The Trainer baseline does exactly this — patch prepare_batch to call .to(device) and prepare_model to move parameters once:

@d2l.add_to_class(d2l.Trainer)
def __init__(self, max_epochs, num_gpus=0, gradient_clip_val=0):
    self.save_hyperparameters()
    self.gpus = [d2l.gpu(i) for i in range(min(num_gpus, d2l.num_gpus()))]

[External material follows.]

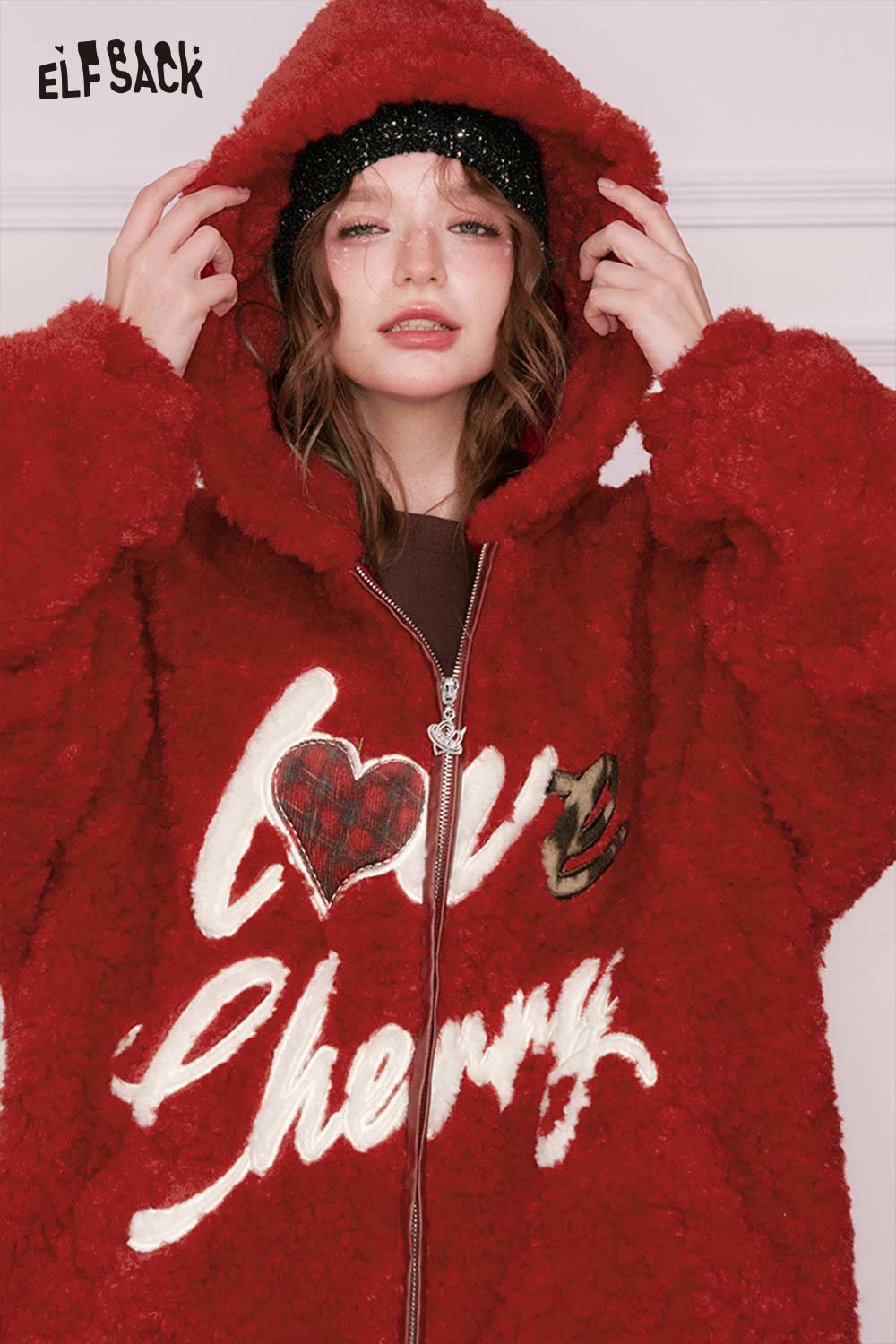 ELFSACK cute heart embroidery faux wool jacket in red with a cozy hood and artistic lettering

@d2l.add_to_class(d2l.Trainer)
def prepare_batch(self, batch):
    if self.gpus:
        batch = [d2l.to(a, self.gpus[0]) for a in batch]
    return batch

Common mistakes

  • Forgetting one tensor. Every tensor in the forward pass has to be on the same device. Custom buffers are the usual culprit — use register_buffer so they move with .to(device).
  • Creating tensors with torch.zeros((10,)) mid-forward defaults to CPU. Use torch.zeros((10,), device=x.device) to follow the input.
  • Optimizer set up before move. Construct the optimizer after .to(device) — otherwise its state lives on the wrong side.
  • .numpy() mid-loop forces a sync to CPU. The asynchronous CUDA stream stalls. Defer all conversions to the end of the epoch.

Recap

  • Tensors and parameters carry a device; cross-device operations require an explicit copy.
  • Move the model to the GPU once, before training; the optimizer follows its parameters.
  • try_gpu(i) keeps code portable across hardware.
  • Cross-device copies are expensive — keep the inner loop device-clean.
  • Use register_buffer so non-trainable state moves alongside parameters.